Wednesday, April 15, 2020

HawkTracer - low-overhead instrumentation-based profiler


Disclaimer: this post introduces HawkTracer profiler but doesn't try to go deep into details of that. Follow the links attached to find all the features (and limitations) of the tool.

A while ago, at Amazon we've open-sourced instrumentation-based profiler - HawkTracer - which introduces very low overhead so it can be used on low-end platforms, where development environment is somehow limited (e.g. no ssh access, very limited disk storage etc). We used it to fix performance issues of Prime Video app on living room devices (SmartTVs, Streaming sticks, Game consoles etc).

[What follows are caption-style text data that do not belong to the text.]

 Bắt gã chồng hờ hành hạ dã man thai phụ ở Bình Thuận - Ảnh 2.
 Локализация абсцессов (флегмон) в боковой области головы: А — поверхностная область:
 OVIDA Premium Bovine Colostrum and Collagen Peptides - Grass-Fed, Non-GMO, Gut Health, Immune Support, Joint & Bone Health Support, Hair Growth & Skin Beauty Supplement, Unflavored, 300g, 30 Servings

The profiler can be used to measure resource usage (mainly time spend in scope, but also others like CPU usage etc) in your C/C++ code (but it's easy to write bindings for other languages, there are already some in Python and Rust) and then visualize it using Trace Event Profiling Tool or as FlameGraphs. Example instrumentation can be found below:

void foo()
{
  HT_G_TRACE_FUNCTION();

  very_expensive_call();
}
void bar()
{
  HT_G_TRACE_FUNCTION();
  for (int i = 0; i < 100; i++)
  {
    foo();
    {
      HT_G_TRACE_OPT_STATIC("InternalOp");
      recursive(10);
    }
  }
}

That example generates following results:

How does it work?

The idea behind HawkTracer is very trivial and well-known - the design is a simple server-client architecture, where the profiling application (usually running on an embedded device) runs as a server that emits tracing events. The serialized events are transmitted to a client through an user-specific protocol (by default TCP/IP and File are supported, but that can be extended by user). The client then can convert received events to some human-readable format - again, only few of them are supported by default (ChromeTracing and FlameGraph) but user can extend the client by adding more conversion methods.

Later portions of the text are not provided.